- Water Services
- Picture Canyon Restoration
Picture Canyon Restoration
Waterfall in basalt canyon of the Rio de Flag, Picture Canyon Natural and Cultural Preserve, Photo Credit: Friends of the Rio de Flag
The Rio de Flag is the primary watercourse winding through Flagstaff, Arizona. The stream channel is ephemeral or intermittent depending on the season or local geology. The project area is located at an elevation of about 6,700 feet and passes through the City of Flagstaff and Arizona State Trust Lands, Section 4, T.21N, R.8E, along the Rio de Flag drainage of the Little Colorado River Watershed.
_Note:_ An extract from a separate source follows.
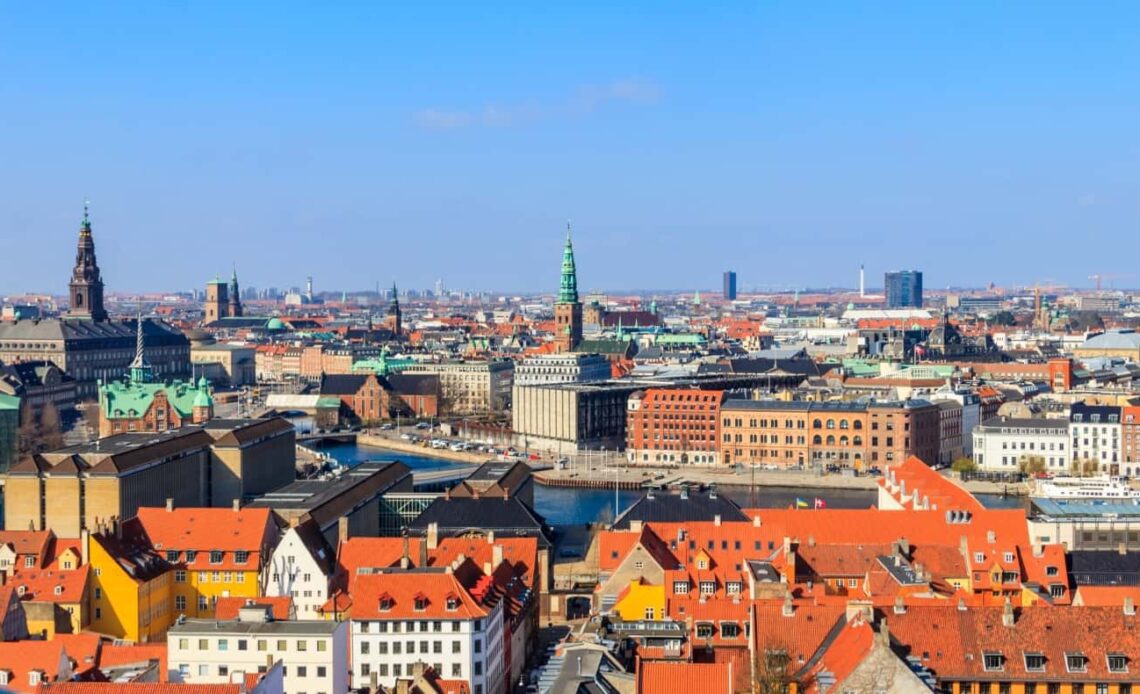 Aerial view of Copenhagen, Denmark, with red rooftops, a canal, and church steeples dotting the cityscape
The area lies just below the City of Flagstaff's Wildcat Hills Wastewater Treatment Plant (WHWTP). Tertiary treated sewage effluent flows through the project site in a northerly and northeasterly direction.
The stream runs through a narrow basalt canyon and supports an existing wetland plant community watered by upstream effluent discharges. Sometime in the past, the stream channel below the canyon was channelized, removing a number of natural meanders. The channelized section has no access to an adjacent floodplain and supports a very limited riparian plant community. (See Image).
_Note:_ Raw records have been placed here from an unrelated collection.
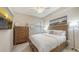 Cozy bedroom with a queen-size bed, dresser, and a window offering natural light for a comfortable space at 7019 Grand Estuary Trl # 101, Bradenton, FL 34212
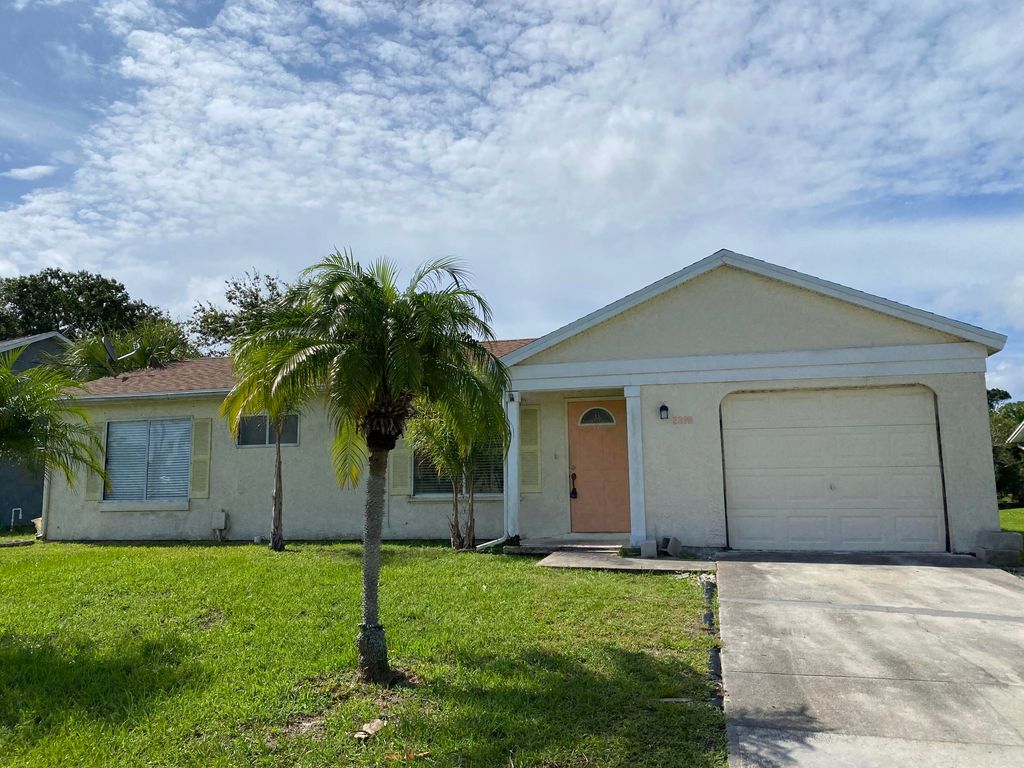 Photo of 2392 SE Maslan Avenue, Port Saint Lucie, FL 34952 (MLS # R10808400)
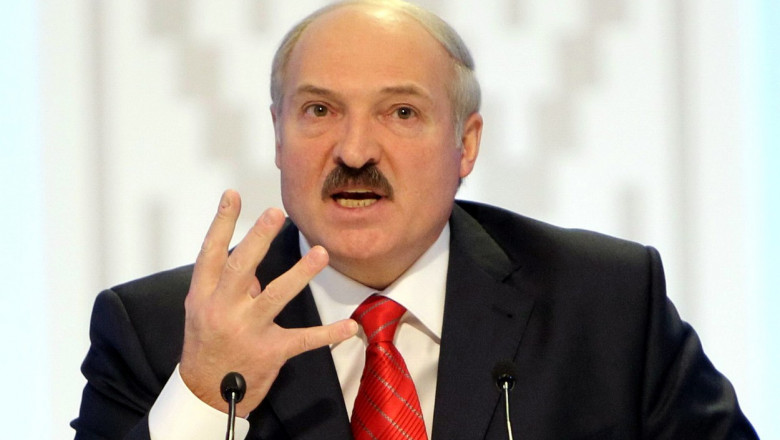Lukașenko în fața unui microfon gesticulează cu mâna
Existing vegetation is primarily patches of bulrush (Scirpus spp.) in the channel proper. Noxious weeds such as yellow starthistle (Centaurea solstitialis L.) and Scotch thistle (Onopordum acanthium) have invaded the site due to the soil disturbance from the trenching activities. The result is a significant narrowing of the riparian area and a rapid transit of the perennial stream flow. There is a decrease in the volume and extent of soil moisture throughout the project area that has caused a decline or elimination of wetland areas.
The approximate length of the channel through the project site is one mile. About 0.75 mile of the channel has the potential for restoration work and enhancement. The stream corridor ranges from 50 to 100 feet in width and is largely bounded by rocky canyon escarpments.
Restoration activities focused on reconnecting the historic meanders and restoring natural stable channel and wetland features and functions. The potential riparian and wetland area will nearly double in size from two to five acres.